Moose hunting season starts today. (Jillian Rogers)

Moose hunting season starts today. (Jillian Rogers)

Hunters packed up their guns and gear, and headed out Tuesday, the first day of moose-hunting season, hoping for a big bull to fill the freezer. The Haines area, also known as Game Management Unit 1D, allows Tier II permit hunting for moose.

Tier II permits are used to engage in subsistence hunts when permits cannot be provided to all eligible residents. Applications are scored based on income, years lived in the area, and other factors, to determine eligibility. Each year, the Alaska Department of Fish and Game issues about 250 permits in the Haines area. Hunters can apply for next year’s permit from Nov. 1 to mid-December this year. Of the permits issued, about 170 people actually hunted last year, according to Fish and Game. Hunters are required to turn in the report regardless if they hunt or not.

Area management biologist Stephanie Sell spoke to hunters last week at a meeting hosted by Fish and Game.
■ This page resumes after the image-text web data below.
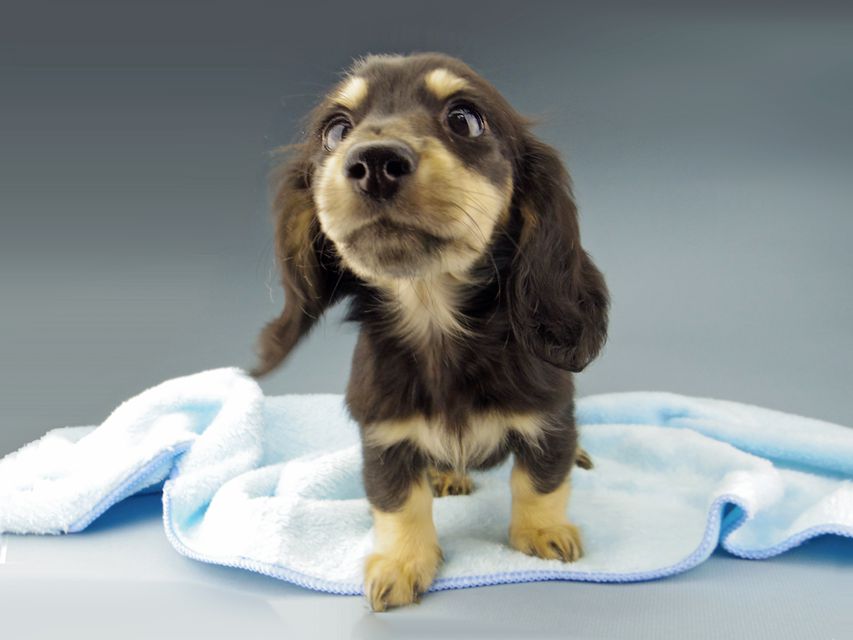 カニンヘン ダックスフンド ジャム & スルガの子犬 ブラックイエロー(ブラッククリーム) 女の子(2)Kaninchen-Dachshund659 カニンヘン ダックスフンド ジャム & スルガの子犬 ブラックイエロー(ブラッククリーム) 女の子(2)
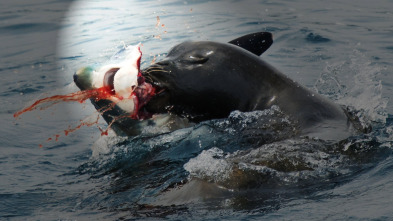 Imagen de Tiburón contra depredador - 3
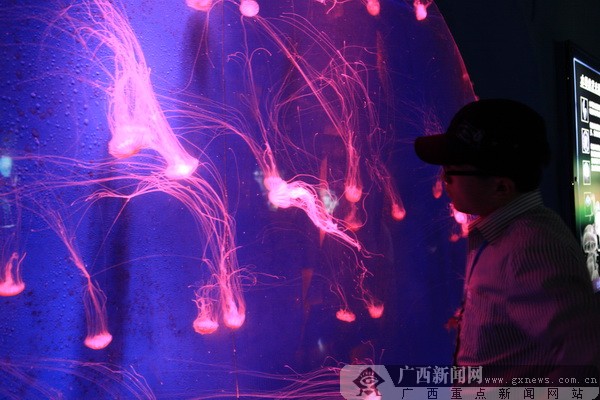 ൺ磬λɫ֮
The gathering focused on legal antler configurations. But Sell says, Haines hunters are usually the good guys when it comes to taking legal moose.
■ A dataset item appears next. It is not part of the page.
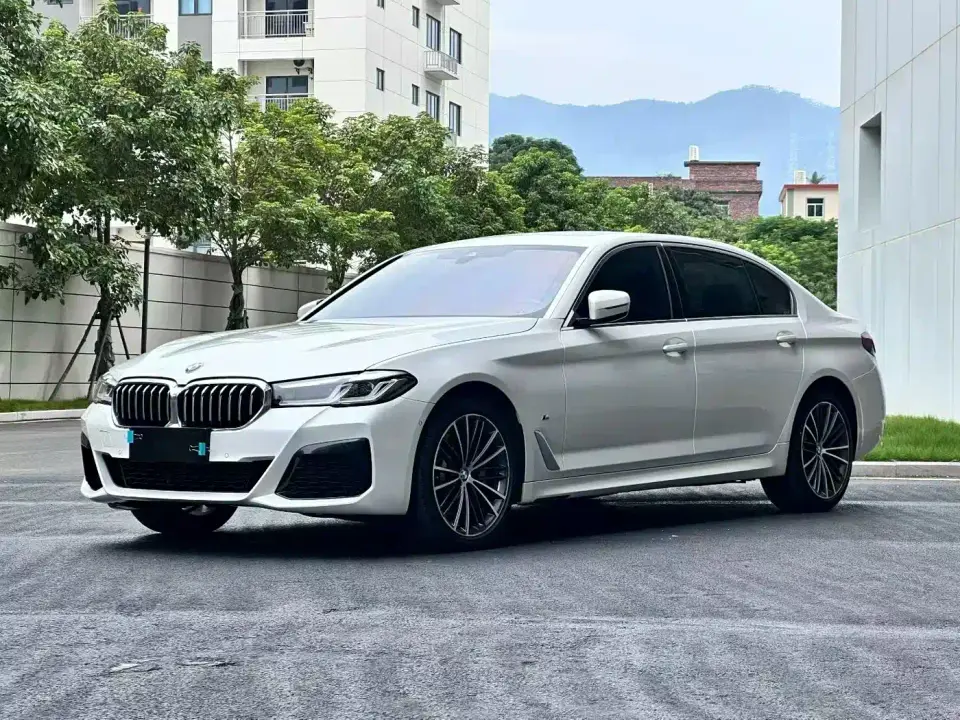 BMW 5 Series 530Li Leading M Sport Package 2020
“I never really have a concern when it comes to Haines,” Sell says. “When you start getting into southern Southeast Alaska that’s when you start getting to the weirder and weirder antler configurations. Haines is one of those areas where you do have a lot influences from the Interior and from Canada as well so you have a couple of different subspecies of moose happening here so you do get those three-brow tiners and those larger bulls. Are they going to be huge like you would see in Fairbanks, like 70 inches wide? Probably not, but we did have a 62 and a quarter taken a few years ago.”

The goal of the talk, she says, was inform hunters about antler restrictions to avoid any non-legal moose being harvested. In Game Unit 1D, spike-forks, three brow-tine, and 50-inch racks are legal. The idea behind antler-restricted hunts is to preserve the prime breeding bulls while allowing hunters to take younger or older males.

“I think the main point is just to make sure that people take the time to watch the bull,” she says. “I’ve heard a lot of stories from hunters and they’re all super excited about how close they have get. They’re like ‘oh, I saw this bull’ chances are somebody down the road saw the same thing, and they’re comparing notes in a coffee shop. It’s always super fun and just the buzz of the moose hunting in Haines is something I really enjoy and I’m going to miss it a lot.”

Sell recently took over as the Fish and Game area wildlife biologist for Northern Southeast Alaska, with Carl Kotch stepping in as the assistant area biologist in Haines and Skagway.

At the meeting last week, the common thread throughout the discussion was, if in doubt, don’t shoot.

“We don’t want to take stuff like this away from people, but 50 is 50,” Sell told the hunters. “We will try to measure it, but I can’t stretch antlers to make them longer.”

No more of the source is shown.